* **Task**
Starting with the line that holds "Under the 'Get", repeat each line through the last one below, exactly. Pictures stay out.

* **Records to use**
▼

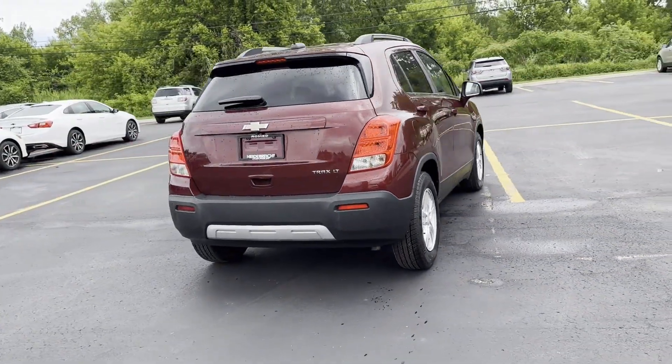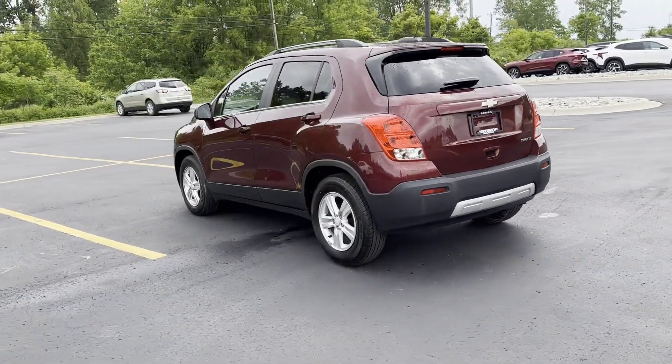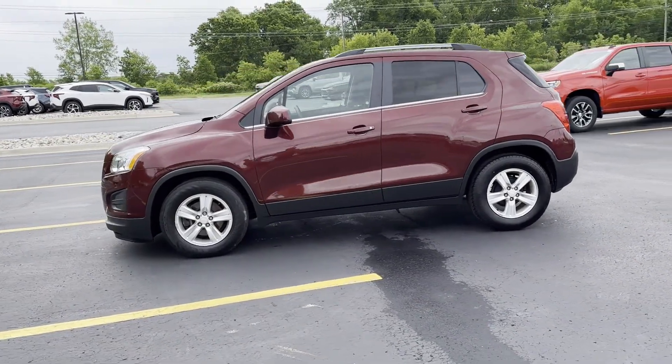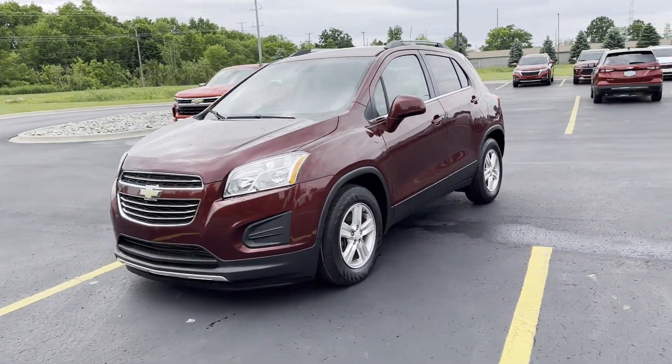Never get bored with the numerous premium built-in features such as Wi-Fi hotspot, satellite radio, turbocharged engine, heated side view mirrors, backup camera, tinted windows, pass-through rear seat, and Bluetooth.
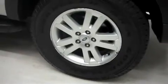It has the factory alloy wheels riding on Goodyear Wrangler SRA tires. Looking along the passenger side, there are no dings or dents. It has the same Goodyear Wrangler tires in the back.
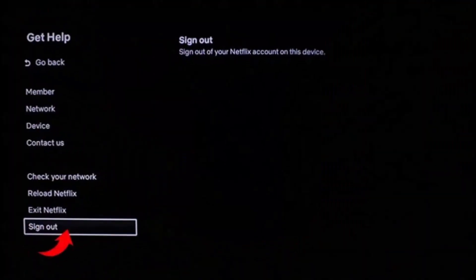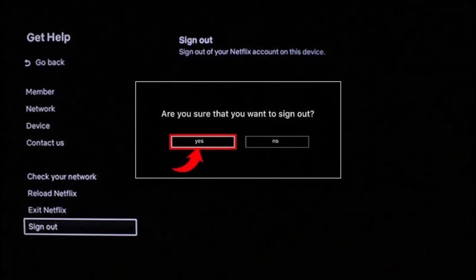Under the 'Get Help' section, if you look at the bottom left, one of the options reads 'Sign Out'. Select the 'Sign Out' button, and on the next page it'll ask you for a confirmation: 'Are you sure that you want to sign out?' Select the 'Yes' option.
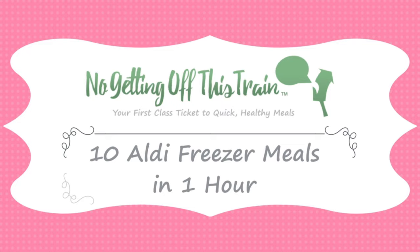Hey everybody, it's Jamie from No Getting Off This Train. In today's video, we are making 10 slow cooker freezer meals.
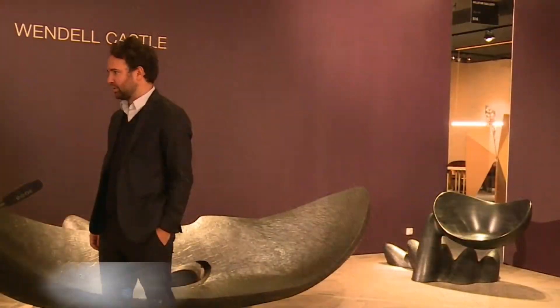I have created Carpenters Workshop Gallery with my business partner Loïc Le Gaillard nine years ago, in what was actually a former Carpenters Workshop.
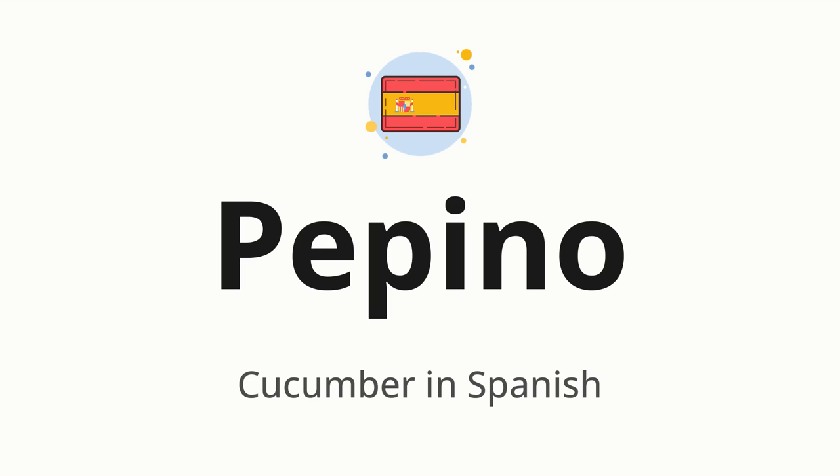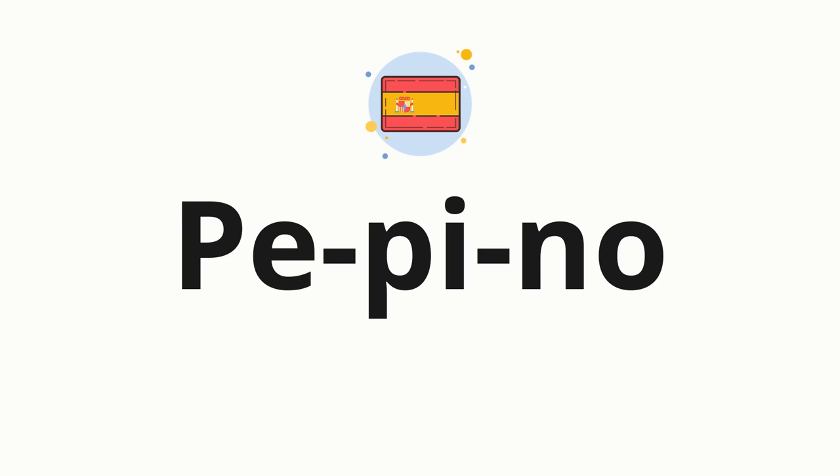Let's say it all together: pepino. One more time, pepino. Now let's split the word into syllables and then pronounce each syllable one by one: Pe-pi-no.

▲

* **Solution below**
Under the 'Get Help' section, if you look at the bottom left, one of the options reads 'Sign Out'. Select the 'Sign Out' button, and on the next page it'll ask you for a confirmation: 'Are you sure that you want to sign out?' Select the 'Yes' option.
Hey everybody, it's Jamie from No Getting Off This Train. In today's video, we are making 10 slow cooker freezer meals.
I have created Carpenters Workshop Gallery with my business partner Loïc Le Gaillard nine years ago, in what was actually a former Carpenters Workshop.
Let's say it all together: pepino. One more time, pepino. Now let's split the word into syllables and then pronounce each syllable one by one: Pe-pi-no.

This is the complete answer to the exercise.